Signer auth

[852Kerfunkle]

Would be nice if signers started with --require-authentication were supported.

Presumably (but I haven't really looked at the details) one would need to add an auth private key (preferably referencing a file, so it can be generated service-side and only the pubkey exported) to the config and supply a signature along with requests to the signer.

[852Kerfunkle]

Had a look and it's not quite clear how the signature is supposed to be included in the sign request.

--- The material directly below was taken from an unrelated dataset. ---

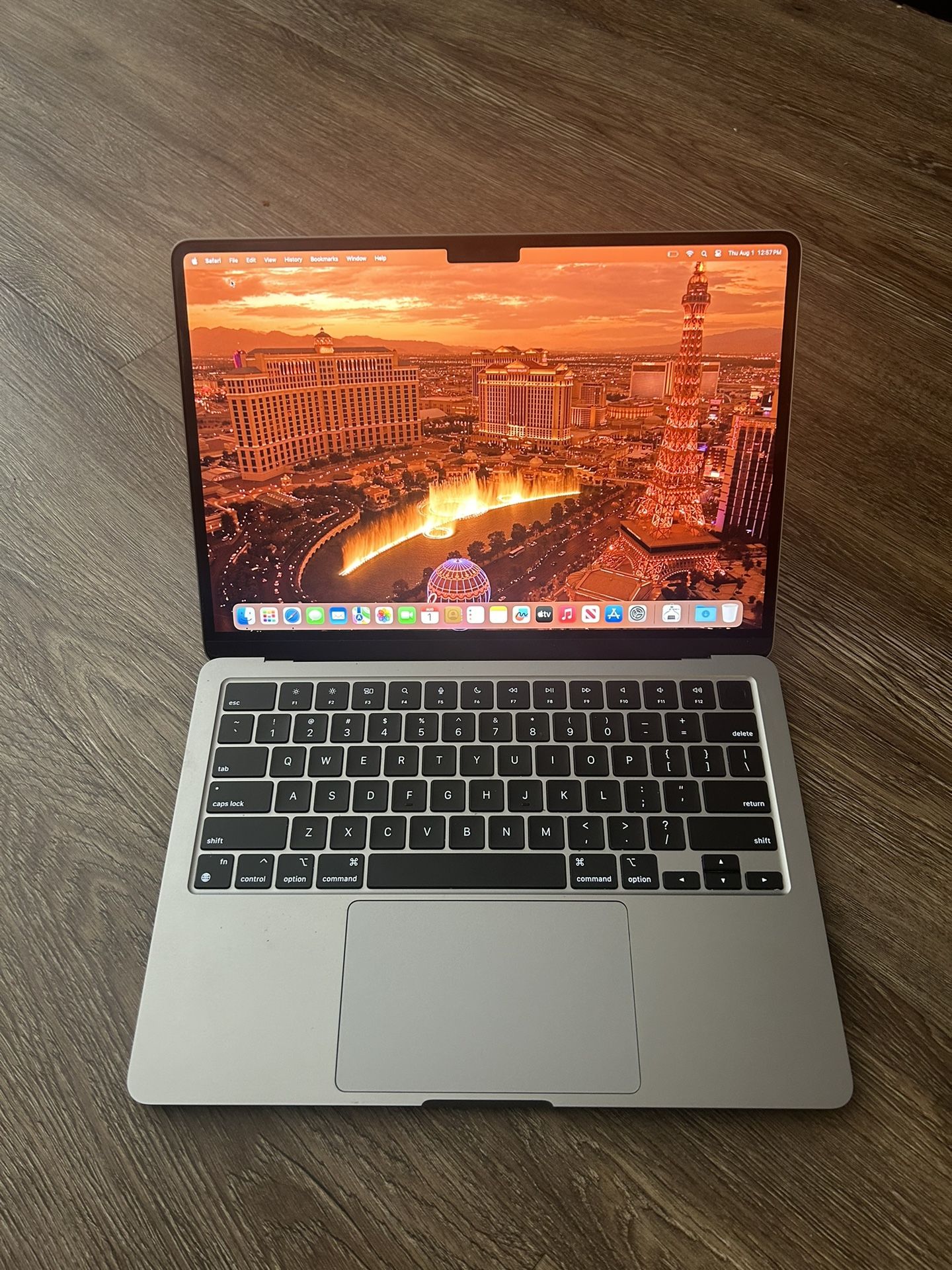 2023 13.6” MacBook Air (M2) 💻 with over $1000 in Preinstalled Software: Logic Pro X, Adobe Primere, Final Cut Pro & More!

If anyone has a hint, I'd be happy to make a PR

[nicolasochem]

Here's a hint: https://github.com/midl-dev/tezos-serverless-signer-apps/blob/main/consensus-kms-signer/signer/tezos-kms-client.mjs#L94-L99

1. append prefix bytes 040101
2. append the public key hash of the signer, in bytes, without prefix
3. append the message being signed, in bytes, without prefix
4. sign these appended bytes from 1. 2. and 3. with the authorized key
5. add the resulting signature string (in base58 format, prefixed, for example spsig...) as an authentication header in the signature request.

Note that in order to support any kind of authorized key type (tz1, tz2...) 4. and 5. will likely require adding pytezos as a requirement to TRD. That's quite heavy. However, this is very much needed on my end.

@852Kerfunkle are you still around? Are you still happy to make a PR?